WORK ORDER
When you write out the listing, keep each word exactly as it stands but include none of its images.

RAW DATA

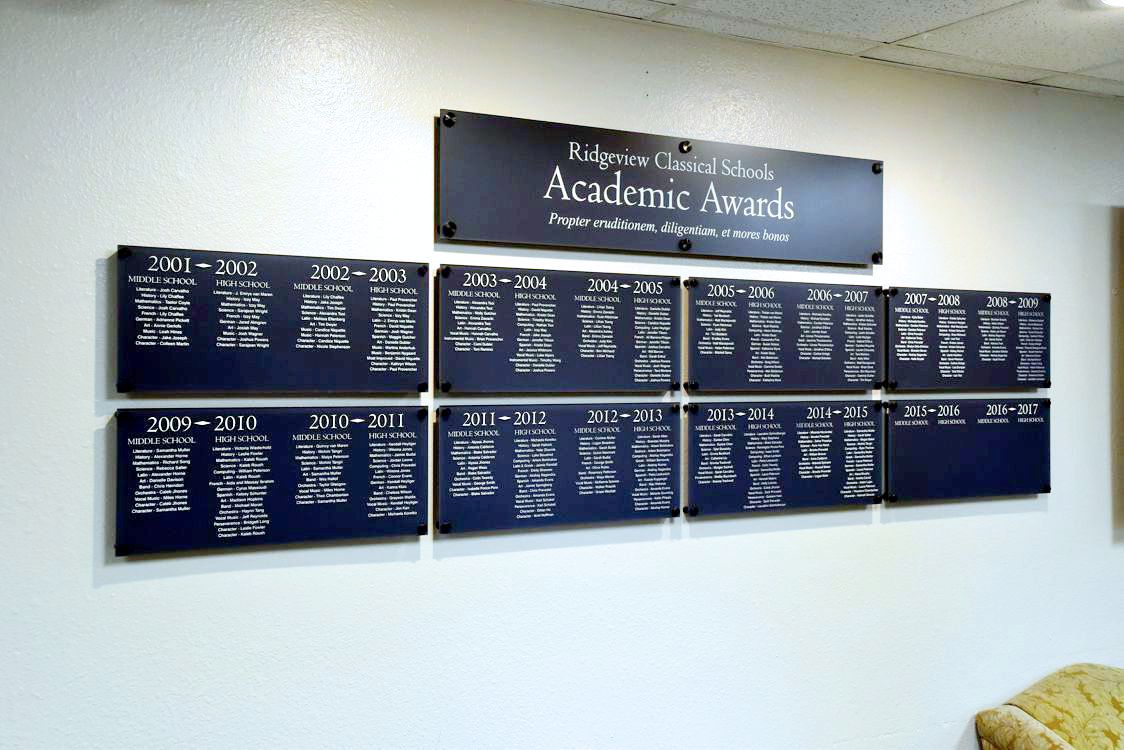 A wall display at Ridgeview Classical Schools showcases Academic Awards from 2001 to 2017. The display consists of multiple black plaques listing student names and their respective achievements for each school year.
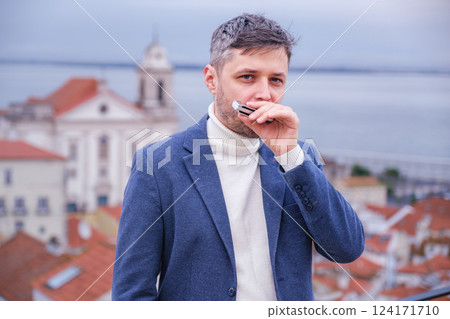 Man plays harmonica outdoors in city street 124171710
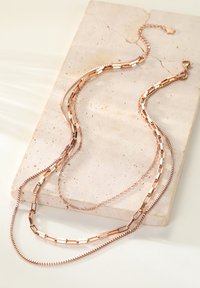 Trójwarstwowy naszyjnik w kolorze różowego złota z różnymi wzorami łańcuchów: płaskie ogniwa, skręcana linka i gładkie wykończenia. Ustawiony na tle jasnego kamienia.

SOLUTION FOR THIS TASK
 A wall display at Ridgeview Classical Schools showcases Academic Awards from 2001 to 2017. The display consists of multiple black plaques listing student names and their respective achievements for each school year.
 Man plays harmonica outdoors in city street 124171710
 Trójwarstwowy naszyjnik w kolorze różowego złota z różnymi wzorami łańcuchów: płaskie ogniwa, skręcana linka i gładkie wykończenia. Ustawiony na tle jasnego kamienia.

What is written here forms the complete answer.